WHAT YOU ARE ASKED TO DO. After the line containing "Τοίχου Κρεμαστό Κομοδίνο", write nothing more; before it, reproduce every line of the material below exactly, starting with the first.

EXERCISE INPUTS.
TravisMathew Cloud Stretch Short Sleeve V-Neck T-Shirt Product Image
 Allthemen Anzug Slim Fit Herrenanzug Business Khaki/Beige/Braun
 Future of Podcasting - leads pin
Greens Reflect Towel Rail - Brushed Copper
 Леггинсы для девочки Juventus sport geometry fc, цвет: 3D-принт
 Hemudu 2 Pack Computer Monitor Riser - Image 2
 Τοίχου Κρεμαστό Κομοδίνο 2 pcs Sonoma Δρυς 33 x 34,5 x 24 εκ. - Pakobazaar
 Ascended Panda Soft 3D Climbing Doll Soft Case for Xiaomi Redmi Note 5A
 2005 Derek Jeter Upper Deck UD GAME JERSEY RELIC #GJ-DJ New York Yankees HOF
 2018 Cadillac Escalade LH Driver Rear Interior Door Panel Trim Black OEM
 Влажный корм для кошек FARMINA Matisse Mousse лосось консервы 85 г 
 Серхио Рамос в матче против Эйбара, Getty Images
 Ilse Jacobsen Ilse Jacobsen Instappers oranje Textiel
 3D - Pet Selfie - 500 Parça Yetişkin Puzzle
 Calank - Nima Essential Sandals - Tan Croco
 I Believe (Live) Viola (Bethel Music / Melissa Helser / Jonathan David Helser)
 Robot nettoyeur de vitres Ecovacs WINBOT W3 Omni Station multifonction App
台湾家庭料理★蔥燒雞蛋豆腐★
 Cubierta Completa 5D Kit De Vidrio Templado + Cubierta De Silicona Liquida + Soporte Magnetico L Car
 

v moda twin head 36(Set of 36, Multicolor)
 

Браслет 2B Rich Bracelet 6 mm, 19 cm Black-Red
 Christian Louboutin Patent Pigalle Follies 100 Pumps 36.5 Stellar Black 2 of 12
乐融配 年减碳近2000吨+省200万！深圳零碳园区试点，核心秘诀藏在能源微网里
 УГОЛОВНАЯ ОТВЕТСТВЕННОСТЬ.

WRITTEN ANSWER.
TravisMathew Cloud Stretch Short Sleeve V-Neck T-Shirt Product Image
 Allthemen Anzug Slim Fit Herrenanzug Business Khaki/Beige/Braun
 Future of Podcasting - leads pin
Greens Reflect Towel Rail - Brushed Copper
 Леггинсы для девочки Juventus sport geometry fc, цвет: 3D-принт
 Hemudu 2 Pack Computer Monitor Riser - Image 2
 Τοίχου Κρεμαστό Κομοδίνο 2 pcs Sonoma Δρυς 33 x 34,5 x 24 εκ. - Pakobazaar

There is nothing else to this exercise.